What is a live issue, though, is the propriety of it. And Trump has made clear that he is against former officials speaking to adversarial foreign governments and undercutting American foreign policy.
Trump not only repeatedly accused Kerry of breaking the law by speaking to Iran during Trump’s presidency, he even pushed for Kerry’s prosecution. And a clear timeline of events suggests this had a real impact, resulting in Kerry’s being investigated by the Justice Department.
The Kerry matter was one of the most significant examples of Trump’s apparently weaponizing the government against his foes — something he has suggested he would do even more if he’s elected to a second term.

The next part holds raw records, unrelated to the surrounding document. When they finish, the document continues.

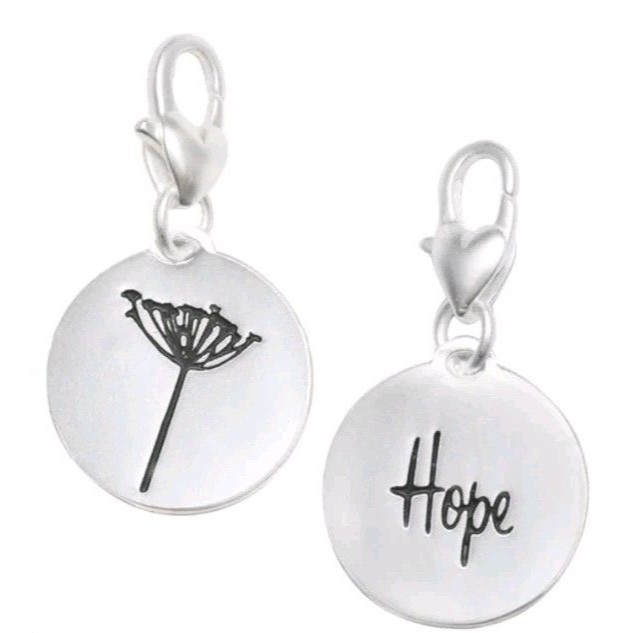 Heartfelt Emotions Dandelion Hope Medallion Silver Necklace Charm Pendant New 12$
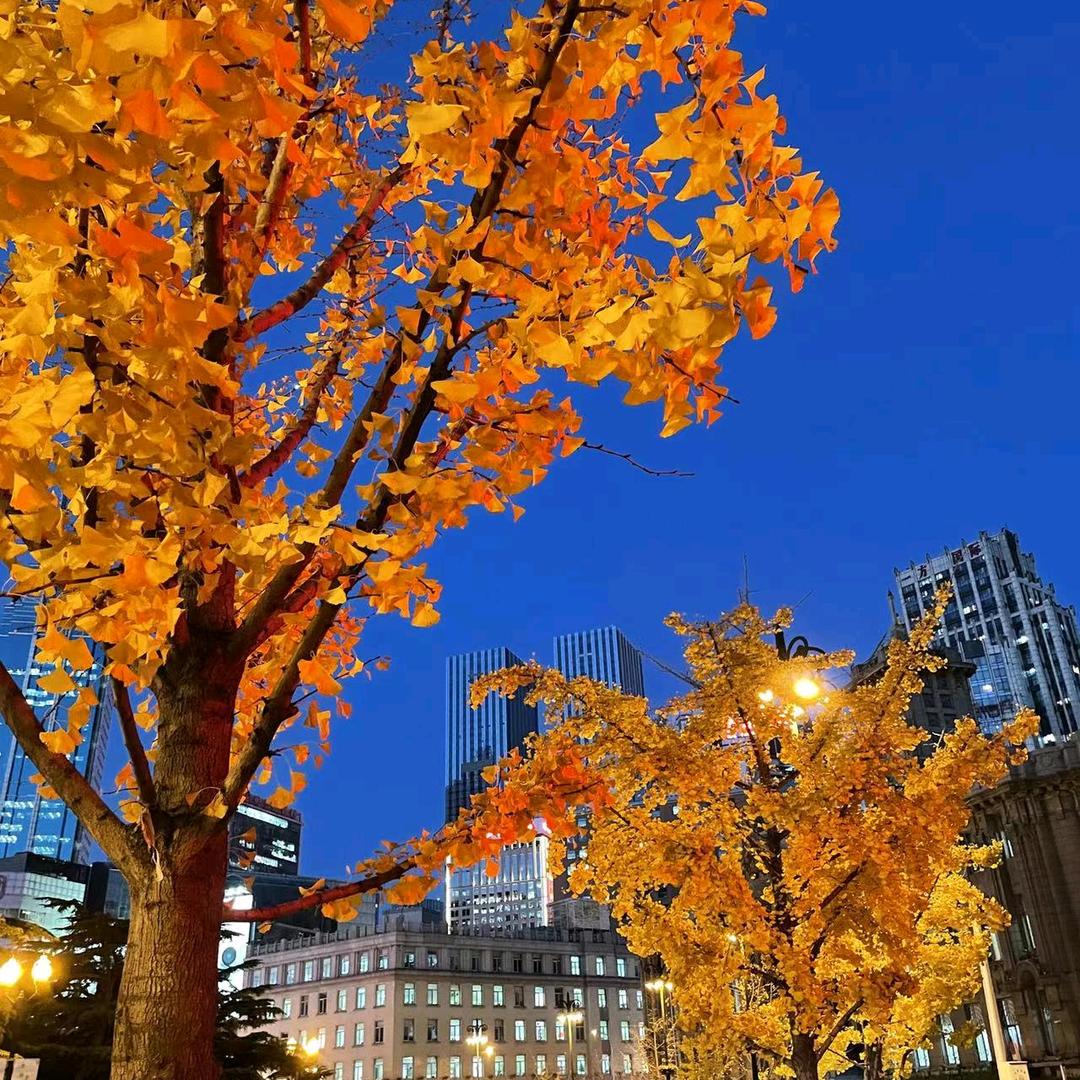 春光灿烂杨八戒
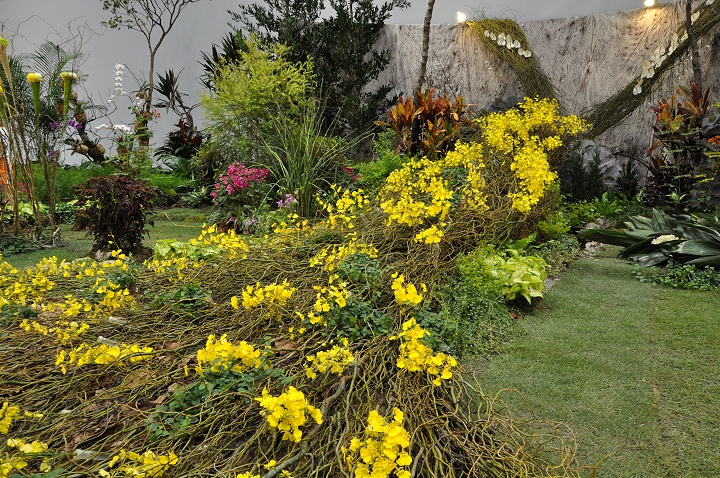 花博争艳馆-竞花艺术(特展与花卉竞赛) 摄影：amo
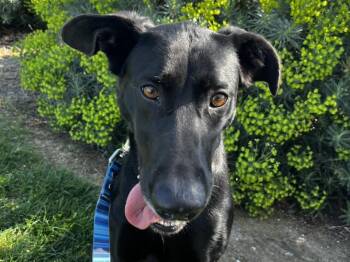 PEGGY -  Labrador Retriever and Mixed Breed Dog for Adoption in Martinez, California - PEGGY | PetCurious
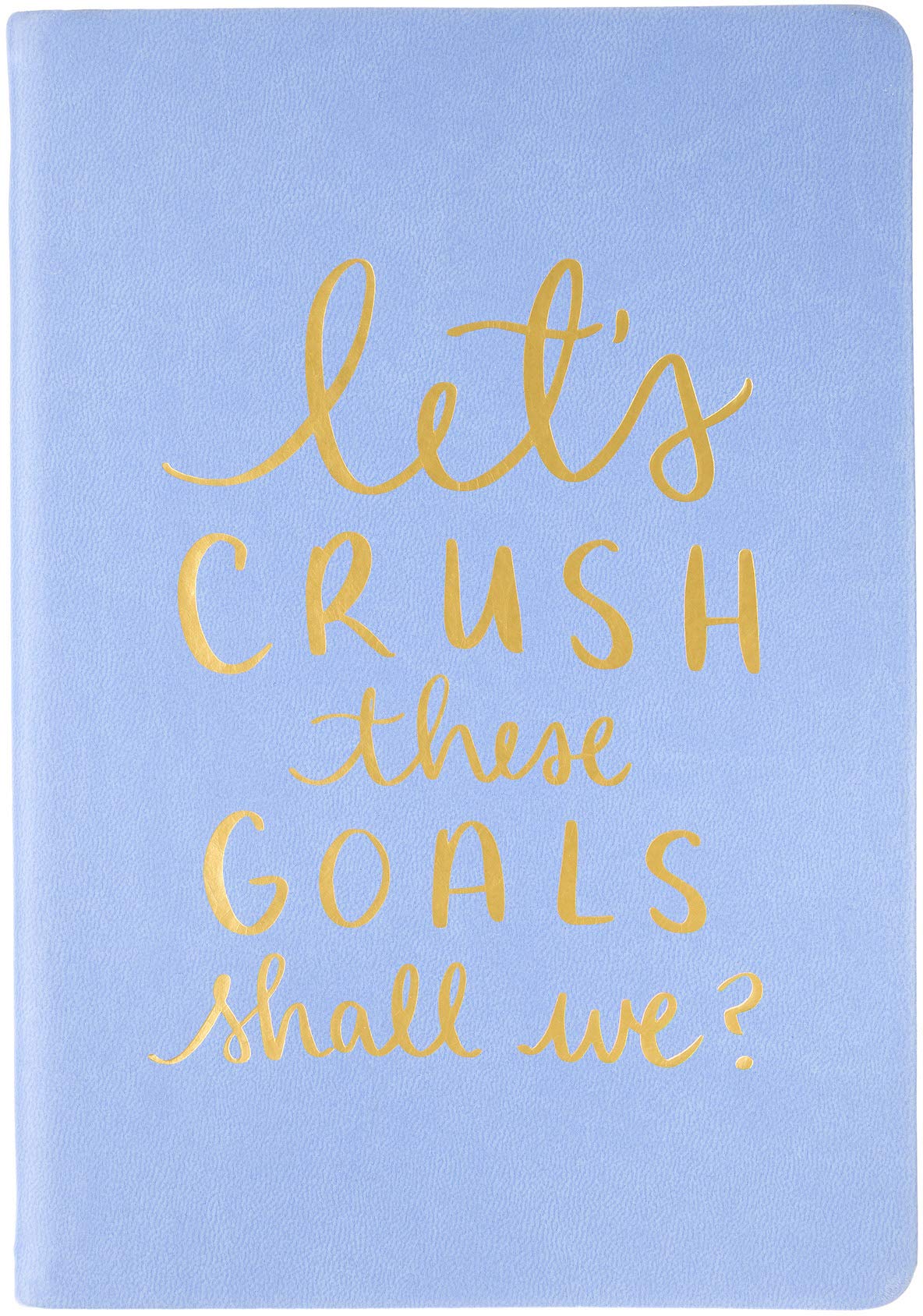 let's CRUSH these GOALS shall we? | Journal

Trump’s criticisms of Kerry were spread out, but he repeatedly cited the idea that a former official engaging a hostile foreign country was wrong and even illegal:
“The United States does not need John Kerry’s possibly illegal Shadow Diplomacy on the very badly negotiated Iran Deal,” Trump tweeted in May 2018.
“John Kerry had illegal meetings with the very hostile Iranian Regime, which can only serve to undercut our great work to the detriment of the American people,” he tweeted in September of that year.
“You know, John Kerry speaks to them a lot,” Trump said at the White House in May 2019. “John Kerry tells them not to call. That’s a violation of the Logan Act. And, frankly, he should be prosecuted on that.”
“I think John Kerry shouldn’t have been speaking — that’s called the violation of the Logan Act,” Trump told Fox News in March 2020.
Trump Secretary of State Mike Pompeo attacked Kerry in September 2018, saying, “Actively undermining U.S. policy as a former secretary of state is literally unheard-of.” He called it “unseemly and unprecedented” to have a “former secretary of state engaged with the world’s largest state sponsor of terror” in this way.
Trump’s comments generally focused on the idea that Kerry had strategized with Iran about how to navigate Trump’s withdrawal from the Obama’s administration’s Iran nuclear deal or urged it to wait to negotiate with a Democratic administration. There’s no evidence Kerry actually did that, though, and Kerry denied coaching Iran on the subject. Kerry maintained that there was “nothing unusual … about former diplomats meeting with foreign counterparts.”
But Trump did apparently succeed in getting Kerry investigated.
Former U.S. attorney Geoffrey Berman wrote in his 2022 book that Trump’s Justice Department referred the case to his Southern District of New York in May 2018 after a pair of Trump tweets in the two days prior. The Justice Department checked in again right after an April 2019 Trump tweet, and then again the following day.
Berman called the pattern “clear — and outrageous.”
Much more is apparently known today about Kerry’s conversations with the Iranians than Trump’s reported conversations with Putin, given that investigation and the fact that Kerry talked at some length about what was discussed. Berman has called Kerry “innocent” and said two separate districts declined to prosecute Kerry.
Trump’s talks with Putin, meanwhile, have long been a black box.
That perhaps made some sense when Trump was president; official diplomacy often requires secrecy to work. But that doesn’t apply when you’re not actually supposed to be conducting diplomacy. And to the extent Trump might have been doing that with Putin, his own commentary on the subject would sure suggest we need to know more about it.